I’m guessing that Ruby’s C calls are atomic so by putting all that code within queue_do_push means that all those operations happen in one atomic chunk: check for closed, add element, signal to blocked threads.

This is one of the benefits of having a GIL, from an implementer’s perspective it makes coding extremely easy because you don’t have to worry about wrapping everything in a call to lock and unlock.

This is interesting to me because at my second RubyConf in Denver, I remember someone asking Matz if we could ever get rid of the GIL. His response was one of shock and horror. I think he basically said “no”. After digging in I can understand a bit more now that it’s not just some flag that needs to be unset, but rather the entire codebase would need to be re-written to be threadsafe, which would be an extremely hard effort for any organization.

This makes effort’s like Koichi’s work on “guilds” or another concurrency model even more interesting. Essentially the idea is that instead of getting rid of the GIL, we can have multiple GILs without having to spawn multiple processes. Each “guild” would essentially behave like a cross between a process and a thread. I’ve always thought of them as a process with a resource sharing model.

Wrapup

If you’ve made it this far, congrats. This was some pretty dense stuff. I do have one tip which I want to leave readers if you’re working with queues. This is a common “trick” that is not very intuitive if you’ve never worked with threads. The idea is that if you need to tell your workers when to shut down, but you also need to wake them up since they’re blocked at the pop call. You can do this with a “poison” object. In Ruby it looks like this:

require 'thread'

GLOBAL_QUEUE = Queue.new
POISON       = Object.new

threads = 10.times.map do
  Thread.new do
    loop do
      work = GLOBAL_QUEUE.pop
      break if work == POISON
      puts "Working on #{work}"
    end
  end
end

20.times do |i|
  GLOBAL_QUEUE.push(i)
end

10.times do
  GLOBAL_QUEUE.push(POISON)
end

threads.map {|t| t.join }

Here we create a unique object and assign it to a constant of POISON then when we pop an element from the queue we check to see if we have that special object and exit. If you know how many threads you have looping infinitely then you enqueue that same number of poison objects to stop all of them. Since the poison goes in the end of the queue, you can be sure that the queue is drained before the workers will shut down.

I also recommend Working with Ruby Threads if you’re new to concepts like threads, queues, and mutexes.

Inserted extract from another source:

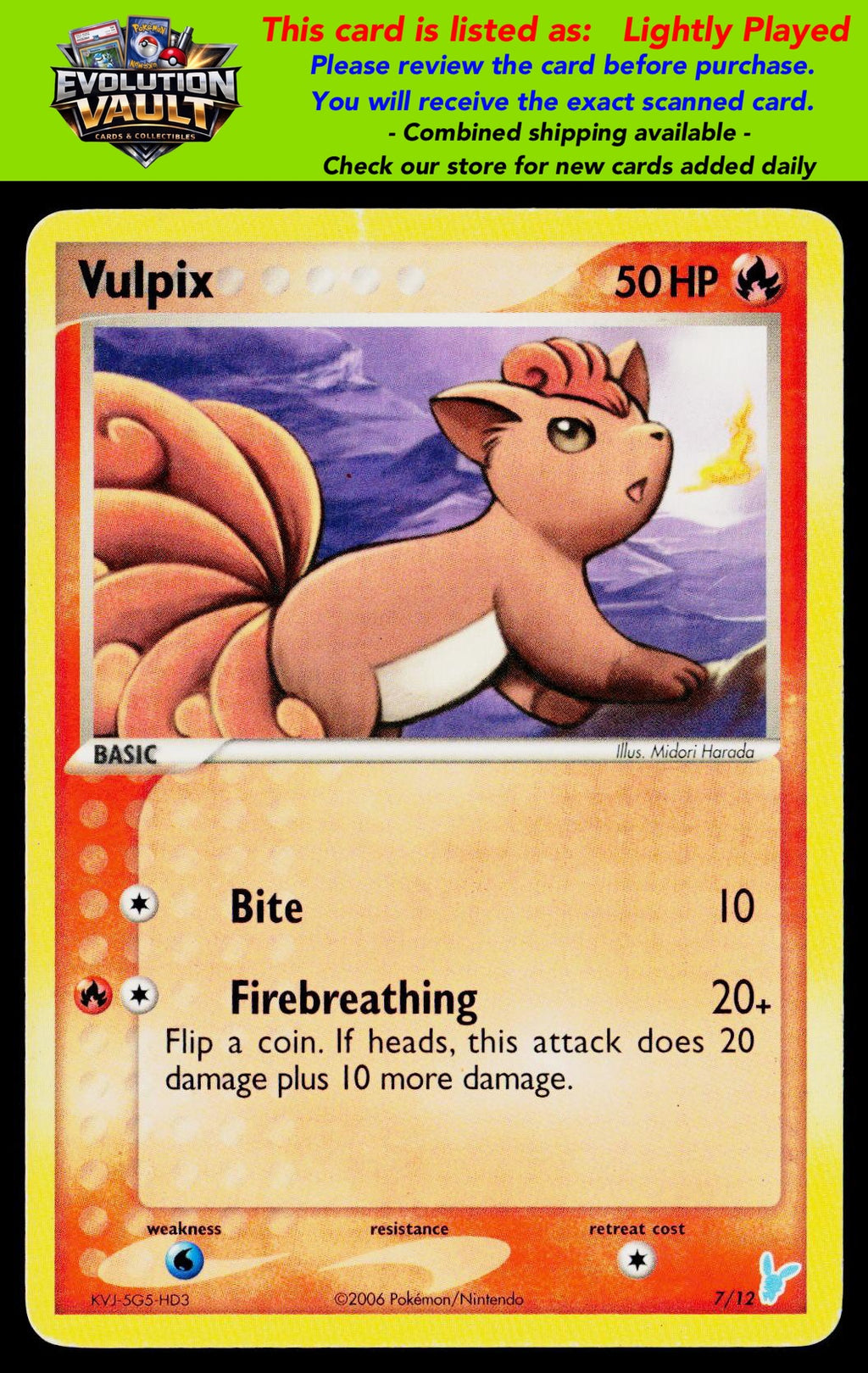 EX Trainer Kit 2: Plusle & Minun #7/12 Vulpix (LP)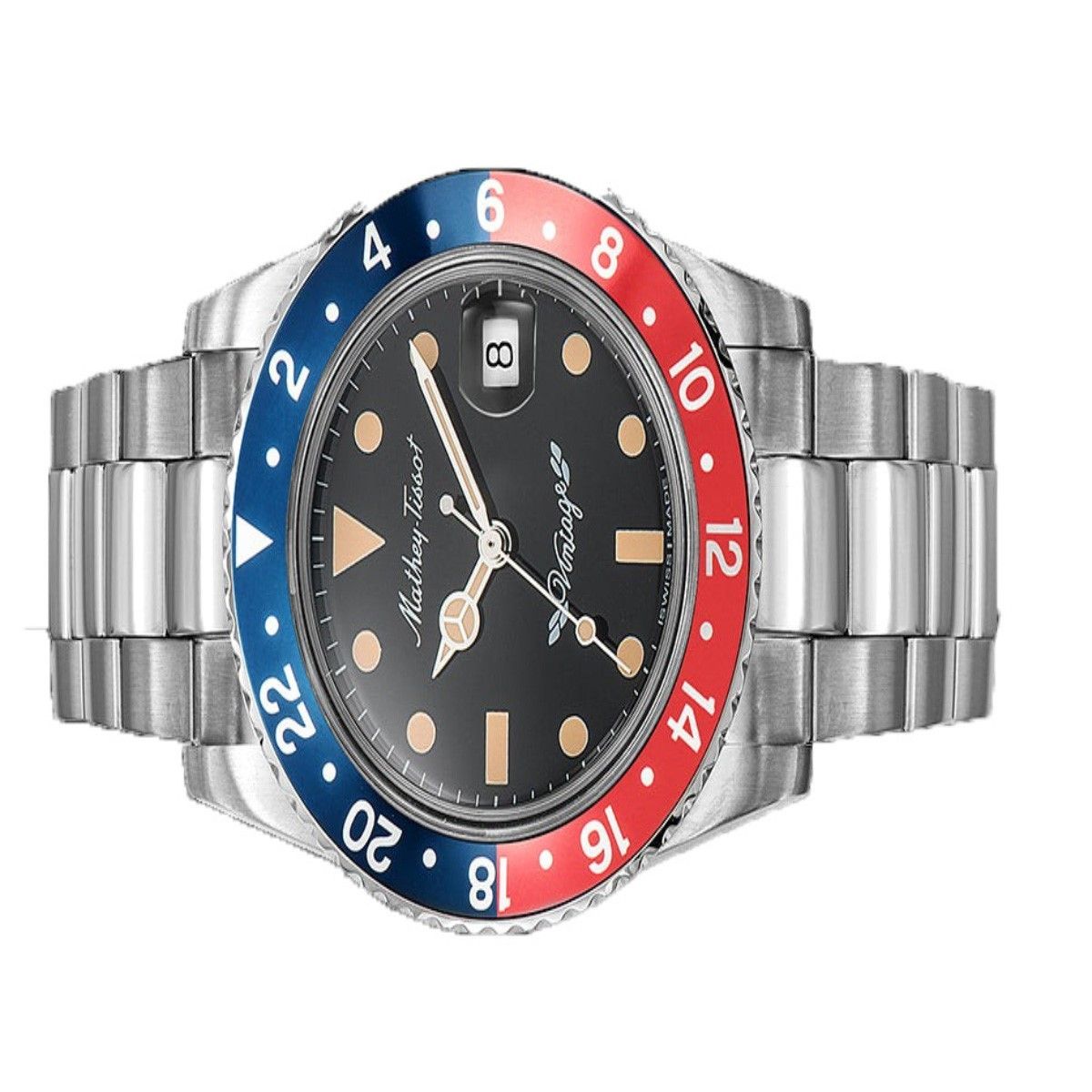 Mathey-Tissot Mathy Vintage Blue and Red Pepsi Bezel Schwarzes Zifferblatt Automatik H900ATR Herrenuhr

I’m having a blast writing C code. While it does take me 20 hours to do something that would take 20 minutes in Ruby, it’s a huge accomplishment when I get something to work. It’s also neat not having the crutch of a huge standard library with pre-made data structures for me. The real pay-off though is that the more I learn about C, the less foreign and unapproachable the source code behind Ruby becomes. I’m not saying that everyone should learn C, but if you’re looking for a challenge in a language that’s extremely fast and used all over the world, it’s not a bad language to be familiar with.